All’una, dopo un’ora e quaranta, si era chiusa l’udienza pubblica in Corte Costituzionale.
Le posizioni
Il Quirinale. Il conflitto è stato “un passo obbligato” e “tuttora la situazione non è mutata e persiste l’omissione della richiesta al gip di distruzione delle intercettazioni”. Lo ha rilevato l’avvocato generale dello Stato Michele Giuseppe Dipace illustrando il motivo dei ricorso del Capo dello Stato intercettato in alcune sue conversazioni con l’ex ministro dell’Interno Nicola Mancino, indagato nel processo di Palermo per la trattativa tra pezzi dello Stato e boss mafiosi dopo la stagione delle bombe del 1993.
“La Procura di Palermo ha trattato queste intercettazioni come normali intercettazioni, non ha tenuto presente il fatto che siano intercettazioni illegittime”, perché riguardano il Capo dello Stato e vietate dall’art. 90
della Costituzione e dalla legge collegata 219/1989. Lo ha sottolineato l’avvocato dello Stato Michele Dipace nell’udienza in Consulta sul conflitto Napolitano-pm di Palermo. E la collega Gabriella Palmieri ha sottolineato che per questa via si è “prodotto un vulnus nella riservatezza del Presidente”.
Sia Dipace che Palmieri hanno ricordato che, a loro giudizio, la procedura individuata dai magistrati di Palermo per le intercettazioni indirette che hanno coinvolto Giorgio Napolitano, ossia l’udienza stralcio di fronte al gip e alla presenza delle parti, “esponeva al rischio che quelle comunicazioni fossero rese pubbliche” violando “il principio della loro riservatezza”. Secondo l’avvocatura generale la strada per la distruzione delle registrazioni è indicata dall’art. 217 del codice di procedura penale sulle intercettazioni vietate, in base al quale “il giudice decide senza contraddittorio”, – hanno osservato i legati del Colle – con “l’obbligo che la loro distruzione debba avvenire senza possibile divulgazione” dei contenuti.

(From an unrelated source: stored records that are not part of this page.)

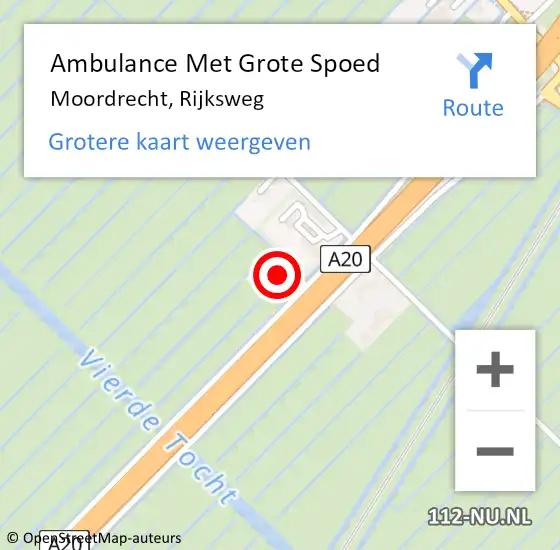 Locatie op kaart van de 112 melding: Ambulance Met Grote Spoed Naar Moordrecht, Rijksweg op 14 juli 2022 09:08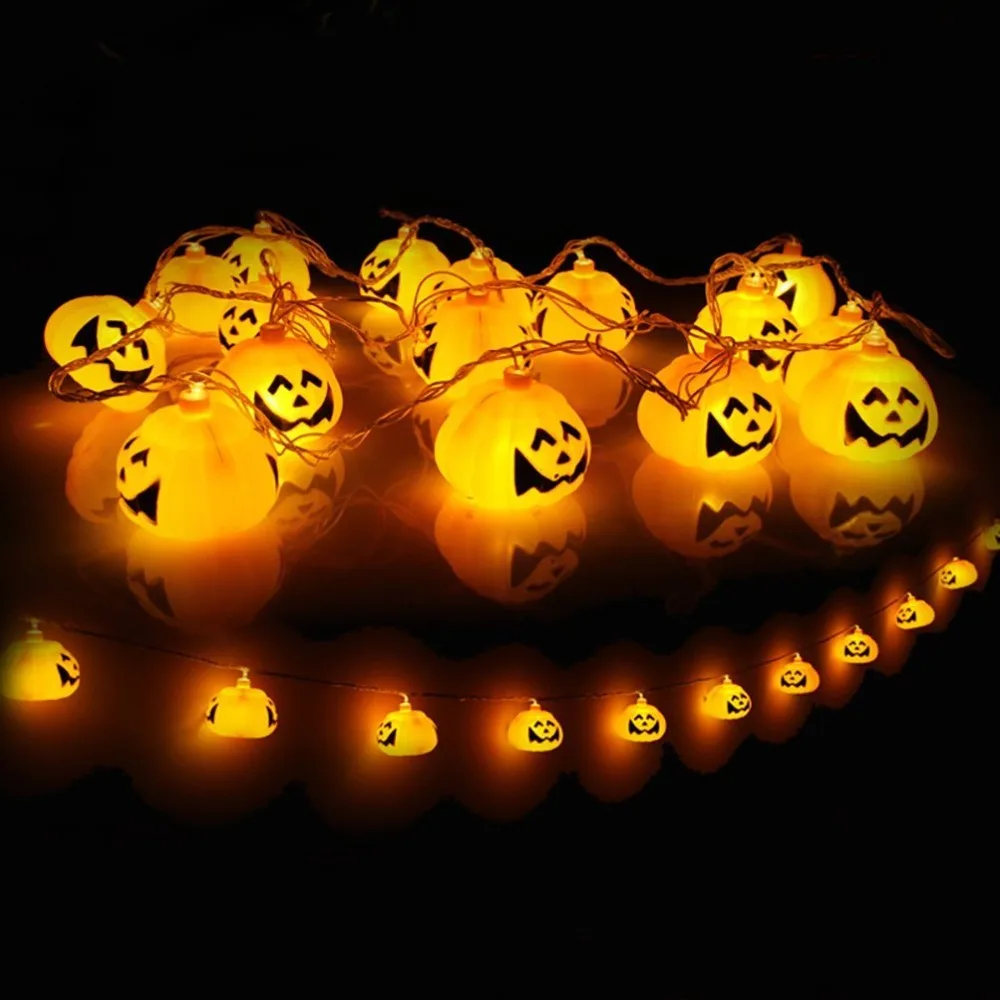 Battery Powered 3D Jack O Lantern Pumpkin 20 LED String Lights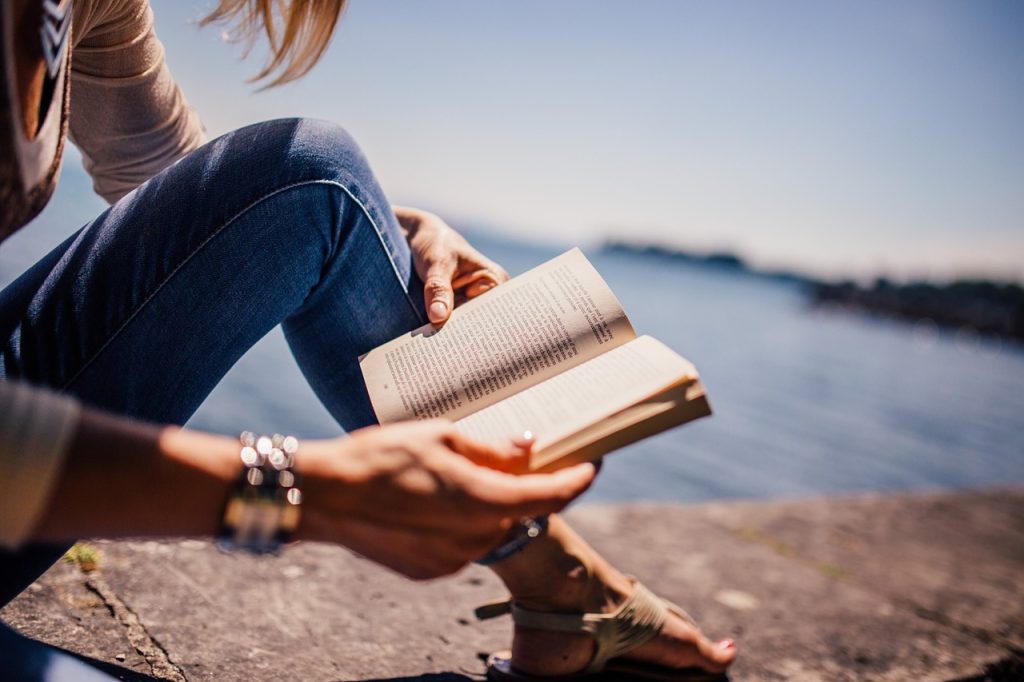 reading, book, girl, woman, sunshine, lake, nature, novel, open book, read, leisure, hobby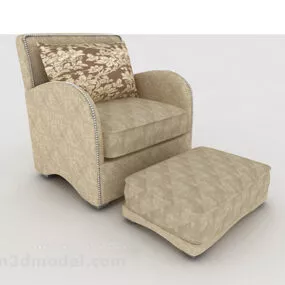 Light Brown Home Single Sofa 3d model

La Procura di Palermo. “Non è il caso attuale, è solo un’ipotesi, ma se venisse intercettata casualmente una conversazione del Capo dello Stato dalle quale si evince che sta ordendo un colpo di stato, la Procura cosa dovrebbe fare? Distruggere i file? Distruggere le intercettazioni?” E’ il quesito che Alessandro Pace, uno dei legali della Procura di Palermo nel conflitto d’attribuzione con il Quirinale, ha posto nel corso del suo intervento nell’udienza di fronte ai giudici costituzionali.
Un quesito al quale ne ha aggiunto un altro: “Il ricorso dell’avvocatura dello Stato – ha detto Pace – prospetta un surplus di garanzia per il Presidente della Repubblica legato alla sua carica, anche se l’Avvocatura non ha usato il termine surplus perché sarebbe stato un autogol”, ha aggiunto. “Ma bisogna chiedersi – ha sottolineato Pace – perché di questo surplus non debbano godere anche il presidente del Consiglio e i ministri, che rispetto al Capo dello Stato hanno poteri attivi.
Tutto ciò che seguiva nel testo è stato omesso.